I have an idea about using the DMA rings of a networking card as a
tracing buffer. Hereby I want to thank the Linux community for the
discussions about how “basically” tracing buffers in Linux currently
works. In my minds I currently have two possible use-cases why doing
this:

1. A generic tracing buffer filtering and matching offloading engine
2. Directly transmit the tracing buffer to a remote tracer application

For example, my tracing use case DLM viewer [0], can use 1 to easily
“tag” each event according to specific trace event field key/values
pairs to completely offload this handling from the CPU. The use-case 2
can be used for distributed networking tracing e.g. my tracer is on a
remote machine running and expecting time synchronized traces. There
are probably more ideas around that can be taken from the networking
subsystem. Receiving the tracing buffer (after processed through the
NIC ASIC) AF_XDP could be used to get directly the data from the NIC
DMA. Bouncing buffers should be avoided as possible. I don’t want to
go more into the details but a NIC ASIC can be programmed, e.g.
matching is only a shift,mask and compare operation followed by an
action e.g. drop. How it will look in detail I am not sure yet, but I
hope the idea is clear so far. :)

I would simply start with trying introducing a tracing networking
interface (as my current software NIC), put trace events into skb,
loopback them into my tracing networking interface and run wireshark
on it. Then try to use software parts of the networking subsystem to
filter trace events out and see if it works in theory. Bringing it to
real hardware, doing it on real NIC DMA rings and offloading the
filter/matching operations is another future step.
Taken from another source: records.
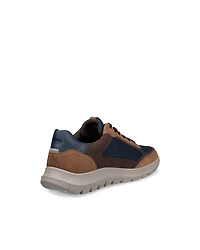 Men's ECCO® CITY STRIDE Leather Sneaker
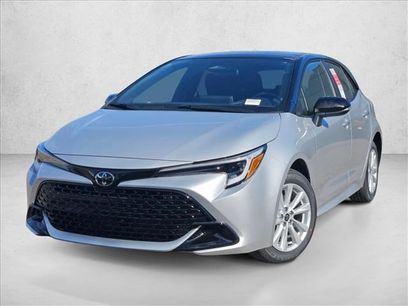 New 2026 Toyota Corolla SE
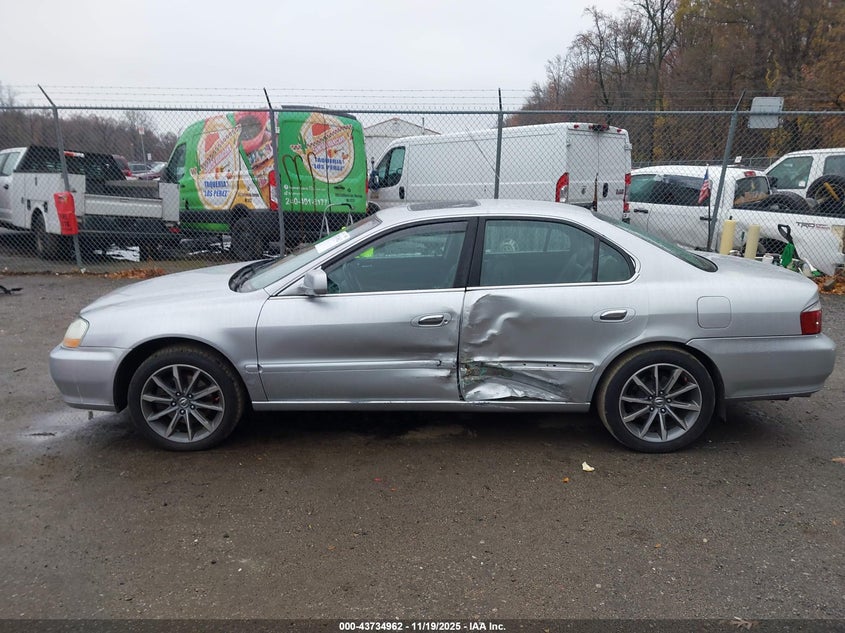 2003 Acura Tl 3.2 VIN: 19UUA56673A054418 Lot: 43734962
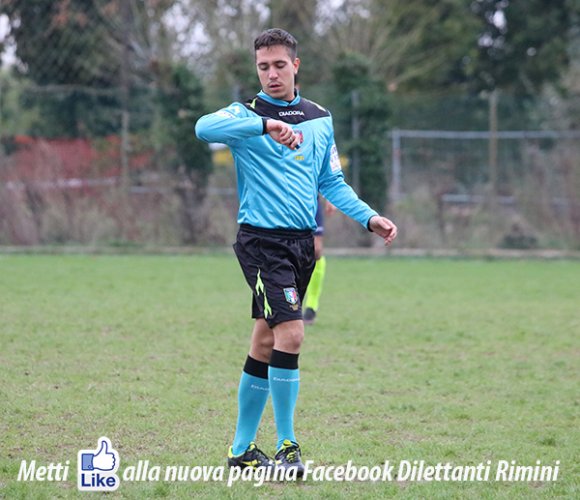 Designazioni Arbitri Emilia Romagna TERZA CATEGORIA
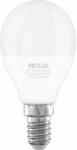Retlux RLL 435 G45 E14 miniG 8W WW (RLL 435)
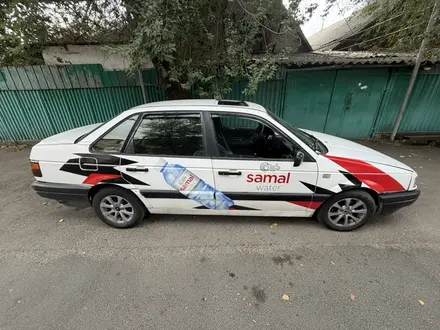 Volkswagen Passat 1990 года за 800 000 тг. в Алматы – фото 4
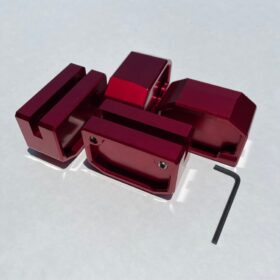 ZL1 Addons Corvette C5-C8 Stealth Lift Pads for C8 Corvette - Image 3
For my remote
tracer application and time synchronized tracing, I am sure. I can get
more metadata involved into my trace events that are coming from time
sensitive networking equipment - this is definitely something I would
like to look into.

So that's it about the idea that I have and I am asking for any comments.

Does this sound like a useful thing?

Can something already be done with splice(), etc. and direct the
tracing buffer to the NIC DMA over user space (without bouncing
buffers)?

Somebody already had a similar idea?